WORK INSTRUCTION: The reply to the records below should contain exactly the lines from the line with "Makeup Set 3" through the line with "Sideboards mit LED-Leuchten", and nothing besides.

DATA IN THIS EXERCISE:
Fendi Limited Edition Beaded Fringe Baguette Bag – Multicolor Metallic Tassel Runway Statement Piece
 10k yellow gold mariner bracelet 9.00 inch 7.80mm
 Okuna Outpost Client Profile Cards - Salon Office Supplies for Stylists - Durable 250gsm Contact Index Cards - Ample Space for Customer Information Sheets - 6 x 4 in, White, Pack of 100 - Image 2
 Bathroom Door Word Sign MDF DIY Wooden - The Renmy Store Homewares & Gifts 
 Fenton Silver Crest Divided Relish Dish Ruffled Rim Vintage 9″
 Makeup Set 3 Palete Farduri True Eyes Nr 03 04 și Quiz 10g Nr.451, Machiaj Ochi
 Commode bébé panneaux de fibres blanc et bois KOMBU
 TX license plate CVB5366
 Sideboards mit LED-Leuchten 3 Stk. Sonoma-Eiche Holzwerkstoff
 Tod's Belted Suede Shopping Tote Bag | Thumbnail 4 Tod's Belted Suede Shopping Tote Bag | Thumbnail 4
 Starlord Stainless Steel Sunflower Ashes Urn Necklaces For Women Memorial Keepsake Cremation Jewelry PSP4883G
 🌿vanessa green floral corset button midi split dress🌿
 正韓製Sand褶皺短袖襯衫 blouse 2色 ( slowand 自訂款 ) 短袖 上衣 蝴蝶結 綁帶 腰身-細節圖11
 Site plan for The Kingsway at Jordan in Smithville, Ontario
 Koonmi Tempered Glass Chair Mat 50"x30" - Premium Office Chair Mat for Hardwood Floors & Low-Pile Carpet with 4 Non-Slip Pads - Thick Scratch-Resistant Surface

EXERCISE SOLUTION:
 Makeup Set 3 Palete Farduri True Eyes Nr 03 04 și Quiz 10g Nr.451, Machiaj Ochi
 Commode bébé panneaux de fibres blanc et bois KOMBU
 TX license plate CVB5366
 Sideboards mit LED-Leuchten 3 Stk. Sonoma-Eiche Holzwerkstoff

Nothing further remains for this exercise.